Questo album è uscito nel 1985 ed ha venduto più di un milione di copie, altri tempi… quanta nostalgia… i dischi si vendevano perfino; scusate la divagazione ma è deprimente sentire parlare di persone che usano scaricare musica illegalmente come se fosse la cosa più normale del mondo ed atteggiarsi ad esperti senza mai aver comprato un disco originale in vita loro.
Dicevamo anche che è stata fatta giustizia in quanto l’album in questione è uscito nel 1985 e purtroppo le precedenti ristampe su cd erano a dir poco penose, sia per la qualità audio scadente sia perché il progetto grafico originale dell’edizione in vinile non veniva mai rispettato; questa edizione consta di 4 cd il primo dei quali contiene l’album rimasterizzato con la copertina in cartoncino che riproduce fedelmente quella del vinile, il secondo tutti i singoli con le copertine originali, il terzo demos e versioni alternative e il quarto un live dell’epoca molto ben riuscito, inoltre, nel box è contenuto un libro di 48 pagine con foto, testi ed altre memorabilia.
L’uso dell’aggettivo "imperdibile" è quanto mai appropriato per un’uscita del genere, ed è con immensa gioia che torniamo volentieri al 1985 per un excursus musicale fondamentale per rendere l’ascolto comprensibile; il post-punk era arrivato a fine corsa e la band, fondata nel 1983 dal cantante Ian Astbury e dal chitarrista Billy Duffy, pensò bene di coniugare sonorità dark-goth e psichedelica degli anni settanta, in particolare si avvertono le influenze di personaggi come Jimi Hendrix e Jim Morrison non solo sulla musica ma anche sulle tematiche dei loro testi che spesso trattano dei nativi Americani.
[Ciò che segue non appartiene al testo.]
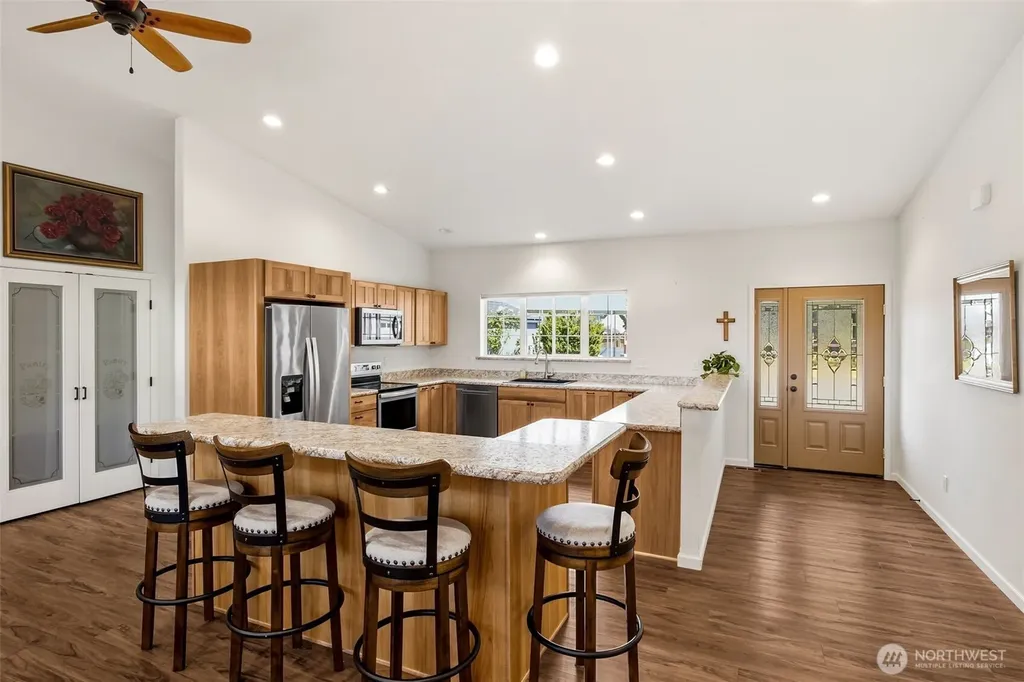 10305 187th Avenue SW Rochester WA 98579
Nell’album sono contenute anche le due canzoni più famose dei Cult: ‘Rain’ e ‘She Sells Sanctuary’, ma credetemi non è importante parlare di singoli brani, questo lavoro va considerato nel suo insieme e questa edizione è fantastica perché ci consente di apprezzare tutte le sfaccettature di una Band e di un’epoca davvero irripetibili.
Un lavoro analogo è stato effettuato anche per i primi due album dei Bauhaus, come potrete leggere a parte sempre sul nostro sito, e anche questa volta non possiamo non soffermarci sul prezzo del box che supera di poco i 20 euro, circostanza che ne rende l’acquisto ancora più consigliato.